On April 5, 2007, Huggins announced that he had accepted the position of head coach at his alma mater, West Virginia University. Huggins succeeded John Beilein who left to fill the same position with the Michigan Wolverines. Only nine games into the 2007–2008 season, the Mountaineers entered the AP Top 25 poll carrying a #24 ranking with an 8–1 record. On December 22, 2007, Huggins achieved his 600th victory as a head coach in a road game at Canisius. The Mountaineers finished the regular season with an 83–74 overtime victory over St.
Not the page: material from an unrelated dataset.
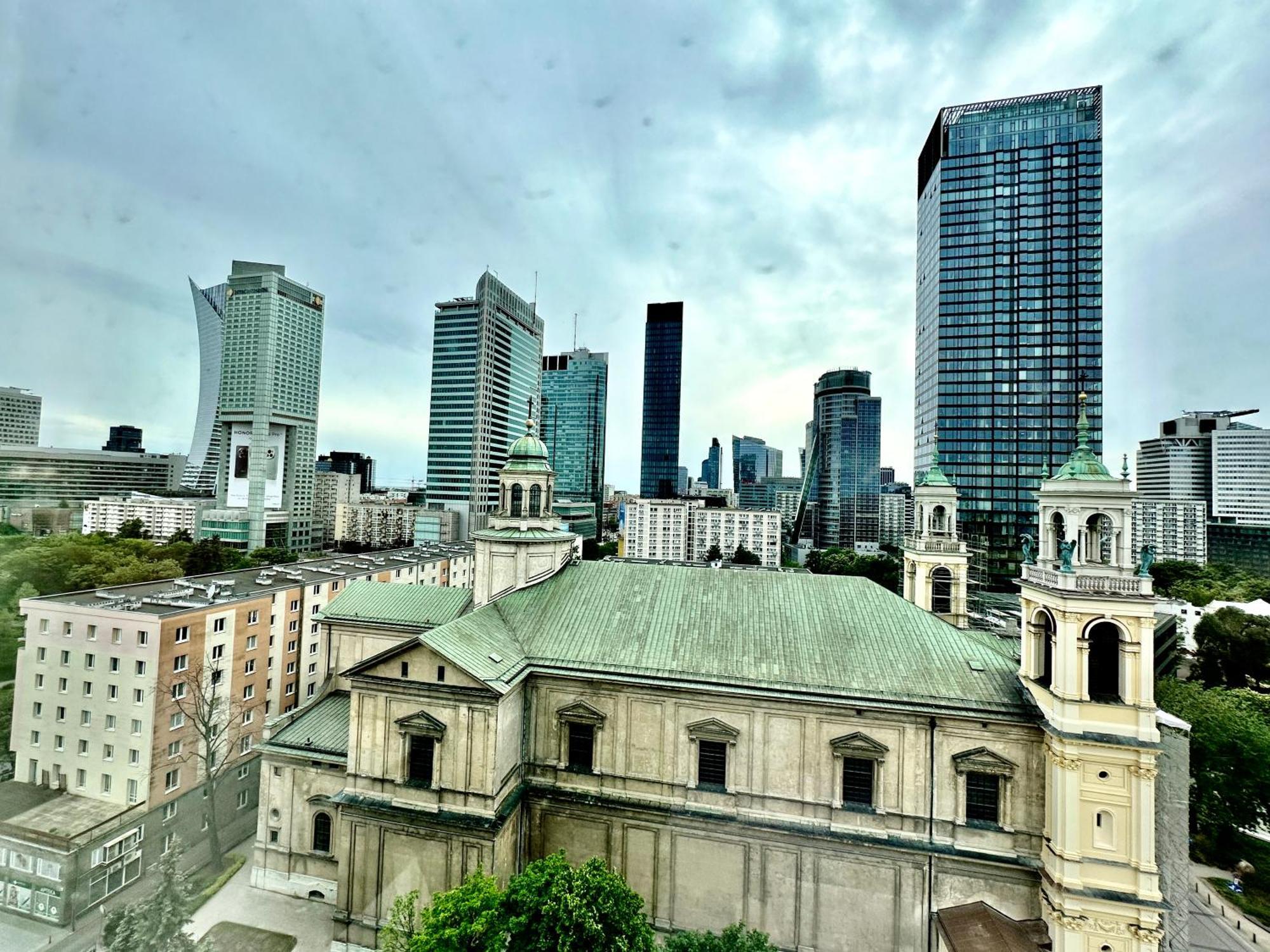 Palace 2 Wifi 600 Mbs 55'Tv Netflix Hbo 2Xmetro Appletv Warsaw Exterior photo
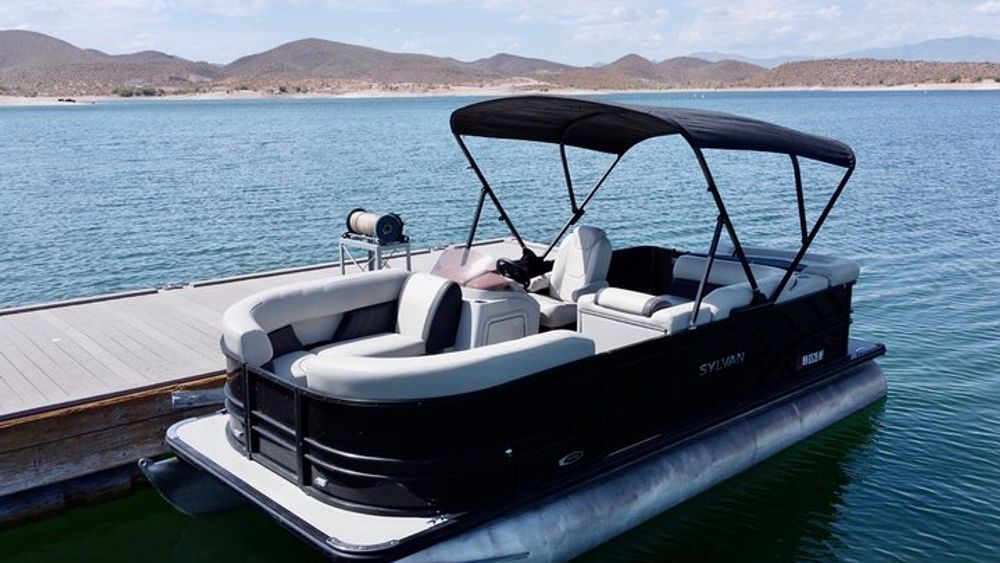 Boat Cruise in Lake Pleasant Arizona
John's, then opened the Big East tournament with a 58–53 victory over Providence. In the second round of the tourney, the Mountaineers upset the #15-ranked Connecticut Huskies, 78–72. Joe Alexander contributed with a career-high 34 points and 7 rebounds. The Mountaineers then lost to the #9 Georgetown Hoyas, 55–72, in the tourney semifinals.

The showing by WVU in the Big East tourney propelled them into the West region of the NCAA tournament as a #7-seed. The Mountaineers defeated Arizona in the first round 75–65 and defeated #2-Seed Duke 73–67 to move into the Sweet Sixteen giving Huggins his first Sweet Sixteen appearance since 2001 when he coached at Cincinnati. In the Sweet 16 matchup against #3-seed Xavier, the Mountaineers rallied from an 18-point deficit early in the game to tie the game 64–64 and send it into overtime. However, the Xavier Musketeers pulled out the victory, 79–75, with two 3-pointers in the last 1:18 of the ballgame. West Virginia finished the season ranked #17 in the AP poll. At the end of just his first season at West Virginia, Huggins signed an 11-year contract extension that would keep him coaching at West Virginia until the age of 65.[17]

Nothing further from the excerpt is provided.